The decision whether to prefer and then to refer criminal charges to trial happens before the court-martial is convened. Actual court proceedings for “covered offenses” will be indistinguishable from those for non-covered offenses, regardless of whether commanders or lawyers make preferral and referral decisions. Raising the specter of “pink” courts, then, is as misinformed as it is offensive.
Although several civilian attorneys general and a small group of well-connected military justice experts have called for most felonies to be included in the change, many former senior military lawyers and current senior leaders share the opinion that commanders should retain authority for decisions affecting good order and discipline.
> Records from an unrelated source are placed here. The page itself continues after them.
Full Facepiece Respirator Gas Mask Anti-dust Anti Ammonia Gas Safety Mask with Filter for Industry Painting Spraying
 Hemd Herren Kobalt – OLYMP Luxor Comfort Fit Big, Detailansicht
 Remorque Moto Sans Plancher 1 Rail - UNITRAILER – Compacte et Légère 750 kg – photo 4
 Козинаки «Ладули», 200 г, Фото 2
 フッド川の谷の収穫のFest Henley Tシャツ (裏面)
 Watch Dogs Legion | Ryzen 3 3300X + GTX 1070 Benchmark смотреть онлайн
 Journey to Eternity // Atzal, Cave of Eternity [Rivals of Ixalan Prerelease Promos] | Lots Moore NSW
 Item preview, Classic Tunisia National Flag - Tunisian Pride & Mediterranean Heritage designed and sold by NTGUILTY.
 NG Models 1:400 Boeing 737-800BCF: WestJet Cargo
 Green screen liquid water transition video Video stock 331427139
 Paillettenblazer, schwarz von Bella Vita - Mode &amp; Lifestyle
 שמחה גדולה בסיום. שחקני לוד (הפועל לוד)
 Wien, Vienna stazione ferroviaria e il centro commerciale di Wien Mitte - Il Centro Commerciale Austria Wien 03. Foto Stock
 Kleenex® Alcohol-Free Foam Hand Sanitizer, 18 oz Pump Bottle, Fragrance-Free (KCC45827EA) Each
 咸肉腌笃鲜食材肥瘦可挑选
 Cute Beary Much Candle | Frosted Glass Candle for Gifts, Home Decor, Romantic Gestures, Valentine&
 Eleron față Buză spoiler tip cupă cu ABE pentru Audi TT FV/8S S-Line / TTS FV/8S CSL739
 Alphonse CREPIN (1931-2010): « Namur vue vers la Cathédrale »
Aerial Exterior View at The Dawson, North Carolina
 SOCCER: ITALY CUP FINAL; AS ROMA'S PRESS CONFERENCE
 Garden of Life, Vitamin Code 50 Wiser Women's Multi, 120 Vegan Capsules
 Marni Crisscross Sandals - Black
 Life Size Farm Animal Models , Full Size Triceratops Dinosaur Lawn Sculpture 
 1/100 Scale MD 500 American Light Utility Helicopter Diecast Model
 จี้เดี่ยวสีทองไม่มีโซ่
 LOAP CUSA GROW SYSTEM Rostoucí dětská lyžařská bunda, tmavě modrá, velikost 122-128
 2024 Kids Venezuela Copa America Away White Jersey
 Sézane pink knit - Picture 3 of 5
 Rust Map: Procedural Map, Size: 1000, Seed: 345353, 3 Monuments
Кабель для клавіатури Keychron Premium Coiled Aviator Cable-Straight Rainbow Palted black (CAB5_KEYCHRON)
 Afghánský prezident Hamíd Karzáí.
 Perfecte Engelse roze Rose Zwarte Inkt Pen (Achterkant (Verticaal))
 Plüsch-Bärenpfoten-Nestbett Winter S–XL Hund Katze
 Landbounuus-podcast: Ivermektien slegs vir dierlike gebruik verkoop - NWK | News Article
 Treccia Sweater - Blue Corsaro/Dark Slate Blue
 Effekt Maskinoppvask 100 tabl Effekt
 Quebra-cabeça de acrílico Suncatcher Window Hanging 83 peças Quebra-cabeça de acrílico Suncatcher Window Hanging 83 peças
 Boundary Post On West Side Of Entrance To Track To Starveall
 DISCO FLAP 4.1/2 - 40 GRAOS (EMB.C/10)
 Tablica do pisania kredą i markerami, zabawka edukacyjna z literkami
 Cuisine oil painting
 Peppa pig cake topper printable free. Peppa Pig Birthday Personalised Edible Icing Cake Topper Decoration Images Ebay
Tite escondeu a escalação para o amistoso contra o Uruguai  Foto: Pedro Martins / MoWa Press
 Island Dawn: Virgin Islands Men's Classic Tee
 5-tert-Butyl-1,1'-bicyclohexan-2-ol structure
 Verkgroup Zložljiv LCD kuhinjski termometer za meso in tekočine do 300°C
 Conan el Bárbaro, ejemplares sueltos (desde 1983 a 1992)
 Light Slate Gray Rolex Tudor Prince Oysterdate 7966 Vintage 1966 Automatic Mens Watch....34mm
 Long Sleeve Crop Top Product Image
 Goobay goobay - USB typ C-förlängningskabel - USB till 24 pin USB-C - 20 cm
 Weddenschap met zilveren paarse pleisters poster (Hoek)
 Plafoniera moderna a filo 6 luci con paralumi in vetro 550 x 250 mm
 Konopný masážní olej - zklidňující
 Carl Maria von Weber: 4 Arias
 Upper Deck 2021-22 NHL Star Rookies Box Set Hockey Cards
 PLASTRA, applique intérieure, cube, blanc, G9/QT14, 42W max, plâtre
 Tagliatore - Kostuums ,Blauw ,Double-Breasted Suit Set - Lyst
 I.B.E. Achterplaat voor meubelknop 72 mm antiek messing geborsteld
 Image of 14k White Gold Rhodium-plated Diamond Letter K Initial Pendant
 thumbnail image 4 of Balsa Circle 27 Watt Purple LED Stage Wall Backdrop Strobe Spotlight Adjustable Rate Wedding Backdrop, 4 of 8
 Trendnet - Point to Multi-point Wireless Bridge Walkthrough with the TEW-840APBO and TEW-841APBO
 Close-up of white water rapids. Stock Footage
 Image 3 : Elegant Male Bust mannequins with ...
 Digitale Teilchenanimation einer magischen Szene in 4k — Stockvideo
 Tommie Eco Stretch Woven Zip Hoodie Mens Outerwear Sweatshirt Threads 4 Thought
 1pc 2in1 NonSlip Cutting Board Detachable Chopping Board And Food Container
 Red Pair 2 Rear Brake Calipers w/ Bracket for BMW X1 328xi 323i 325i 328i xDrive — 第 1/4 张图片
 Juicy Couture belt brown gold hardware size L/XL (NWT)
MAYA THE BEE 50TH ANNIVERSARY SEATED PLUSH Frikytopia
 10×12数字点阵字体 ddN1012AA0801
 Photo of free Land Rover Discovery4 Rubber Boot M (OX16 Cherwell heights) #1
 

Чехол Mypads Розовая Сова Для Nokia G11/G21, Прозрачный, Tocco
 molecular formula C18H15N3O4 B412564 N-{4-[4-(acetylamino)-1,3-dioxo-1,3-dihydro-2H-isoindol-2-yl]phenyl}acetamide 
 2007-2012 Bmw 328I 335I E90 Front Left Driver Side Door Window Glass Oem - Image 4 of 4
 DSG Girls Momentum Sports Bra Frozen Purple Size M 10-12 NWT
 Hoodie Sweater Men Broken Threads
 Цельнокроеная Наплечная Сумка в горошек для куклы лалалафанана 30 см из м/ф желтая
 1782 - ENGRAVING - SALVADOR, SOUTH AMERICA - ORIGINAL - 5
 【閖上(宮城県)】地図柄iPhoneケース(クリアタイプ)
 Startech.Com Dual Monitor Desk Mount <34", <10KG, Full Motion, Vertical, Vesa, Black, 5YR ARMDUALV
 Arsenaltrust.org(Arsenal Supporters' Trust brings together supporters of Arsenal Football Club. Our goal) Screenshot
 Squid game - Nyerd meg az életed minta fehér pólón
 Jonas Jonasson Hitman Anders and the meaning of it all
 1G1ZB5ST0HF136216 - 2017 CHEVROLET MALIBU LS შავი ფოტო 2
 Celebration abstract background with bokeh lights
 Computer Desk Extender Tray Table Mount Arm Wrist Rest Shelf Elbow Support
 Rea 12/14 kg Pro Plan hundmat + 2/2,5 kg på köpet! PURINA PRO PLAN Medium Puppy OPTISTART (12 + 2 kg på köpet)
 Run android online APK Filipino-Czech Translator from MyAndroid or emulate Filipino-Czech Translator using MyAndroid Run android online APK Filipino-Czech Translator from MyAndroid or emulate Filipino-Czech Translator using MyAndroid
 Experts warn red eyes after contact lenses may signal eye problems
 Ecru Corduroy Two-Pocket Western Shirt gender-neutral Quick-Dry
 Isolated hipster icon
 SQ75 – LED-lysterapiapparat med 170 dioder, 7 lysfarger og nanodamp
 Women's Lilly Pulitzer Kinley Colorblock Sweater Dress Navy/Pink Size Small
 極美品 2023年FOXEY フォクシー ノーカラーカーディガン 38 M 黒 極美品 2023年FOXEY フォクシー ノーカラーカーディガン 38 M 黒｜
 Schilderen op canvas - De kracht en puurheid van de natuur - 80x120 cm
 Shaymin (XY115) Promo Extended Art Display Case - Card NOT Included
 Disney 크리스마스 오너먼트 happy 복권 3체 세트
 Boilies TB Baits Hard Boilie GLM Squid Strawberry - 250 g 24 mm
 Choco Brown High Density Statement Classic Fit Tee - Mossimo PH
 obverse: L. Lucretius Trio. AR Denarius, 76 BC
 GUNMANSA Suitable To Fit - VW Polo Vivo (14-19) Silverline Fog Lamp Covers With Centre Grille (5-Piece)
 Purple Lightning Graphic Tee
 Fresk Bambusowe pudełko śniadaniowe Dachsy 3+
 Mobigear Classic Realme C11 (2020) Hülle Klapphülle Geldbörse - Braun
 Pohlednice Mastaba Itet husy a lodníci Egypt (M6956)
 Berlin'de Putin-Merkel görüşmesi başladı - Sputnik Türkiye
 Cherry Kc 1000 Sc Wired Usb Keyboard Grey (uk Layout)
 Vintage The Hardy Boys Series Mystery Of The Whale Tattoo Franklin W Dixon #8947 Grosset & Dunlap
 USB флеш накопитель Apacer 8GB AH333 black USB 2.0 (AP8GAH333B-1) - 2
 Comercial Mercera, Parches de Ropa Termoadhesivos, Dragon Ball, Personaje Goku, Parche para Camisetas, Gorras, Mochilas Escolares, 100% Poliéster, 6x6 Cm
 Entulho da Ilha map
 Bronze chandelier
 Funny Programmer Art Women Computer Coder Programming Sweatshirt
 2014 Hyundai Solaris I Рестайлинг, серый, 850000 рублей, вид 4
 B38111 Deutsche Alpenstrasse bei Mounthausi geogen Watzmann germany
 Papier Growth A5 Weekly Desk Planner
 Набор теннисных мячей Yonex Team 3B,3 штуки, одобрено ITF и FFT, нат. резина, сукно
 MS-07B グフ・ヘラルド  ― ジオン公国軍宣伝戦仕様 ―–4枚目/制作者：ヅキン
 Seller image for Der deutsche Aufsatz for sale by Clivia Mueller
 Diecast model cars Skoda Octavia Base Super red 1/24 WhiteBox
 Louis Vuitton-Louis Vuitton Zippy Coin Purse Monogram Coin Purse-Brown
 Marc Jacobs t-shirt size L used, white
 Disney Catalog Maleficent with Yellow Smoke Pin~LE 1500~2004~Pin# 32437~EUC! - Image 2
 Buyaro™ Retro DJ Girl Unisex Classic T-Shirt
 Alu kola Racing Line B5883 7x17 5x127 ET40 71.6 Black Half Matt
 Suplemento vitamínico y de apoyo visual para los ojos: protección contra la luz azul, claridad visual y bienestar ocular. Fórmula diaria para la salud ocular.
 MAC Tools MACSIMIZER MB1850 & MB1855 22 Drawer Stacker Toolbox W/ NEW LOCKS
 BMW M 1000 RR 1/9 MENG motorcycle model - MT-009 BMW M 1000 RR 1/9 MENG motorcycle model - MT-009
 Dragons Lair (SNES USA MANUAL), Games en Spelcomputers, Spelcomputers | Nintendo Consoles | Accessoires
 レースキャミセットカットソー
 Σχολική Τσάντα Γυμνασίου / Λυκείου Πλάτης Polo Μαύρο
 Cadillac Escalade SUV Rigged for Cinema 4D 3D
For years, Sen. Gillibrand has claimed that court-martial decisions must be made by lawyers instead of commanders because removing the supposed inherent bias of commanders would result in “more convictions and more perpetrators going to jail” and that “you need that rate to be much higher to change the culture” of the military.
Even though the claim that a higher conviction rate is a necessary component of cultural change is an absolute anathema to American notions of due process and judicial fairness, at least conferring military lawyers with court-martial disposition authority only for “covered offenses” is supported by the predominant reform rhetoric. The “covered offenses” approach closely mirrors the recommendations presented earlier this year in the Department of Defense Independent Review Commission report, although the legislative version does expand on the IRC recommendations by capturing the crimes of murder and manslaughter.
It is only this “covered offenses” approach that has been evaluated by the DoD for implementation in practice, and the White House has explicitly endorsed only this more limited revision. Restricting the change to only covered offenses, then, constitutes a fair compromise between those calling for a broader scope of reform and those who maintain that the change is “more symbolic than necessary.”
Other commander-focused changes reformists seek to implement but that are not included in the NDAA, such as removing convening authority and panel (jury) member selection authority from commanders, would be merely cosmetic in practice.
The military does not have trial-level standing courts, but the actual trial proceeding progresses independently and autonomously once a commander does convene a court-martial. Likewise, in practice senior commanders select from a pool of potential panel members who are deemed “best qualified for the duty by reason of age, education, training, experience, length of service, and judicial temperament” as required by law. Implementing purely cosmetic “reforms” such as these would mollify some critics of the current military justice system, but such changes would have little or no measurable actual practical effect on the fairness of judicial processes.
Aside from commander-centric “reforms” such as those described above, the NDAA draft that is projected to become law likewise represents a commendable compromise of competing interests.
While the legislation mandates that a “special trial counsel” must exercise authority to prefer and refer charges for covered offenses, for example, the bill grants service secretaries a remarkable degree of discretion regarding how to implement the change in practice.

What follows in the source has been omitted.